Bonhams Contemporary African Art Sale

Africa Now | Contemporary Africa

15 Oct 2015, starting at 14:00 BST.

Recommendations for what to buy at the African Art Sale at Bonhams in October 2015

Video of the Tunisian Artist | Abderrazak Sahli

Firstly, these works are highly undervalued by the late Abderrazak Sahli and are certainly worth considering.


Abderrazak Sahli (Tunisian, 1941-2009)
Abstract I & II
each signed 'Sahli' (lower right)
oil on hessian laid to board
each 30 x 31cm x 12 3/16 in).(2)



  • Of Arabic ancestry, Abderrazak Sahli spent the majority of his life travelling between France and Tunisia. He embarked on a career in the visual arts in the 1960s, prompted by his friend and mentor Nejib Belkhodja, founder of the Tunis School of Art.

    Sahli's abstract paintings are inspired by the decorative patterns and design elements of North Africa's architecture.
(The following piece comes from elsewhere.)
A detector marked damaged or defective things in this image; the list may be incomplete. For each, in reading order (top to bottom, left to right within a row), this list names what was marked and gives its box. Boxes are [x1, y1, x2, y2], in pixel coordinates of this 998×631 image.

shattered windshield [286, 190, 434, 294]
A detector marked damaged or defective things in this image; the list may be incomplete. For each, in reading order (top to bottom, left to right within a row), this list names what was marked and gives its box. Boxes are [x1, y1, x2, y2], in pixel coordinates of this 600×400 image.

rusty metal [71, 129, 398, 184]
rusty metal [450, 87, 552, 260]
However, they also draw upon the Abstract Expressionist and Russian Suprematist art that he encountered in Paris.
    The artist strips back his subjects to their bare essentials of shape, colour and form. He described his work thus:

    "My painting is principally based on a multitude of objects and forms; it translates diversity. The clutter of objects in my canvases is nothing but a representation of the crowd, the dense crowd that is force and movement."
Lot 26
Abderrazak Sahli
(Tunisian, 1941-2009)
Abstract I & II (2)
£3,000 - 5,000
€4,100 - 6,800

and this work by Jane Alexander from South Africa.
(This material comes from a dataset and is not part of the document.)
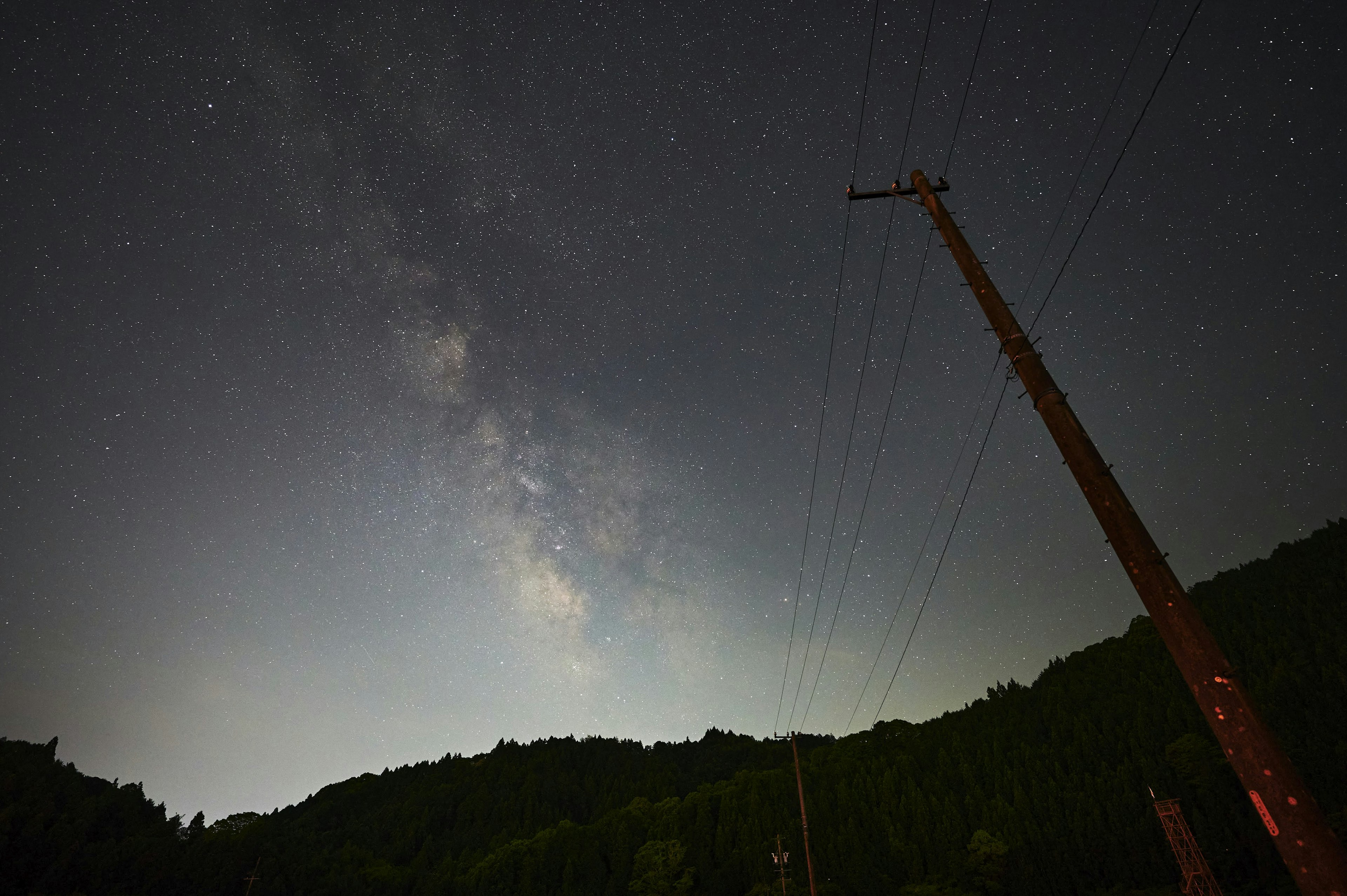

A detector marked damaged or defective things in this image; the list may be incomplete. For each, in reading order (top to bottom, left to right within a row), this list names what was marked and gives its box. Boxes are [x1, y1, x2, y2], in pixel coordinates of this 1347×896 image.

Jane is one of the leading artists in South Africa and a dominant figure within the world of Contemporary African Art and the Art World in general.
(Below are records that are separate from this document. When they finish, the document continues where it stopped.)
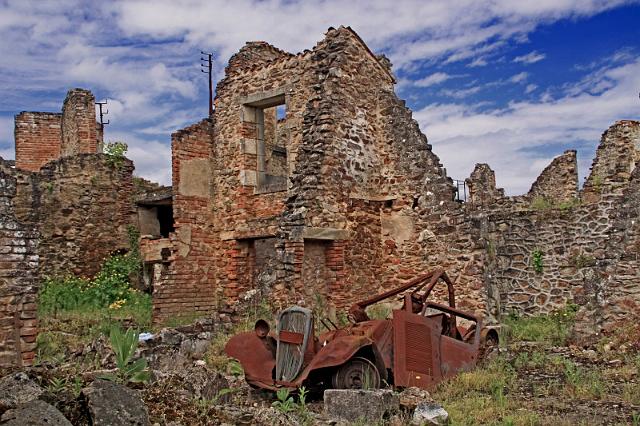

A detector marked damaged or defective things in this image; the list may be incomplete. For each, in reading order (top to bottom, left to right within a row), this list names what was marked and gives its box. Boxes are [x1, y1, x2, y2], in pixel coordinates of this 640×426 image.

corroded vehicle chassis [225, 270, 500, 390]
burnt car wreck [225, 272, 500, 392]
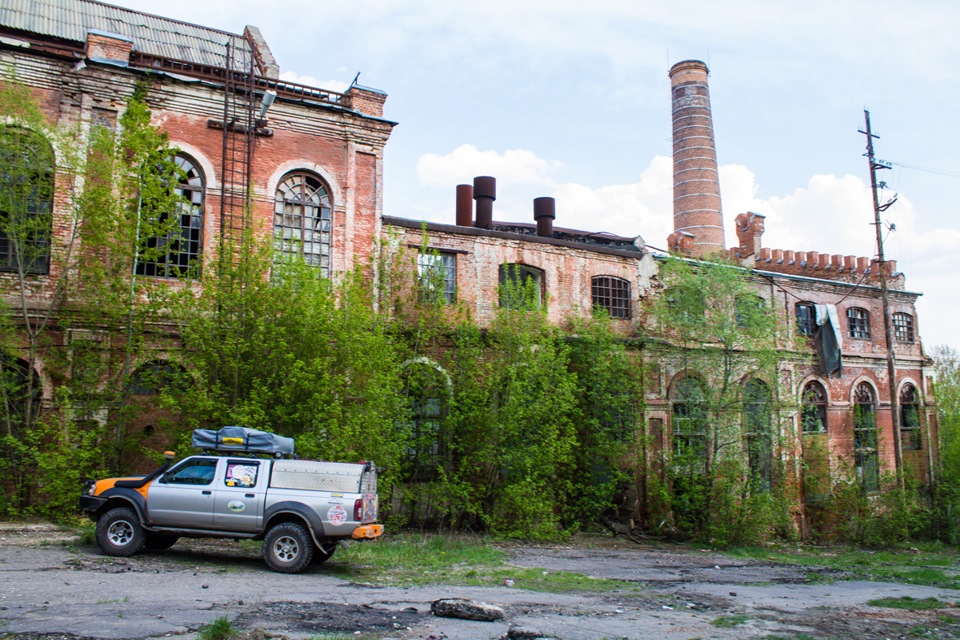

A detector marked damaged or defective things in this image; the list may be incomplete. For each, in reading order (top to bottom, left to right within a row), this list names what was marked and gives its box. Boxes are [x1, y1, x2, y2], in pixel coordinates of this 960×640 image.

rusted chimney pipe [456, 184, 474, 226]
rusted chimney pipe [472, 176, 496, 231]
rusted chimney pipe [532, 195, 556, 238]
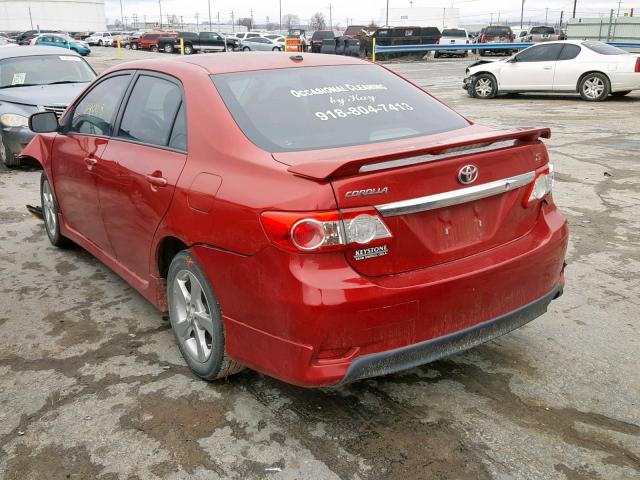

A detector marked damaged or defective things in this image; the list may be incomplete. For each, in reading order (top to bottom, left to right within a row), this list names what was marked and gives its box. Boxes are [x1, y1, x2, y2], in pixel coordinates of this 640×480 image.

white damaged car [464, 40, 640, 101]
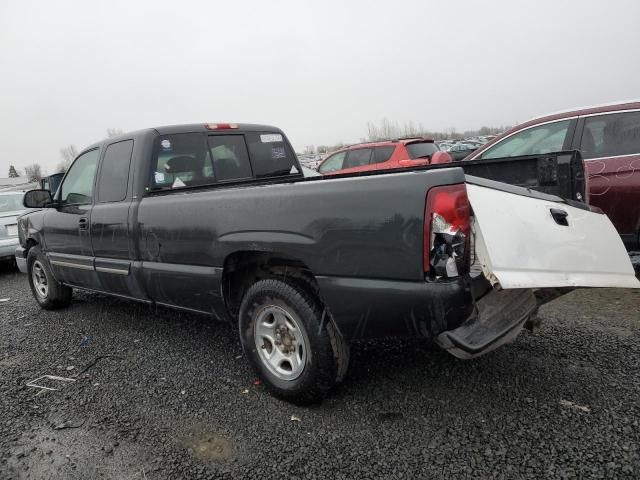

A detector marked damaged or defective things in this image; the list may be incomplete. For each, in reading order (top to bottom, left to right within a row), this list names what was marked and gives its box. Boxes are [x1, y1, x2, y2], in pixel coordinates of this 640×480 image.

damaged tailgate [464, 176, 640, 288]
Jane Alexander (South African, born 1959)
'Harbinger in correctional uniform, lost march'
inscribed with title, numbered 49/60, dated '2007' and signed (verso)
pigment inks on archival cotton rag paper
46 x 56cm (18 1/8 x 22 1/16in).(image size)



  • Born in Johannesburg, Jane Alexander works primarily in sculpture, installation and photomontage. Her figures are characterised by ambiguity; neither one thing nor the other, they are in a constant state of mutation. Her best-known work, Butcher Boys in the collection of the South African National Gallery, tackles the history of apartheid and the politics of so called 'integration'. The boys' features are an amalgamation of the human and bestial. The sculpture is an uncomfortable reminder of our tendencies towards violence and oppression.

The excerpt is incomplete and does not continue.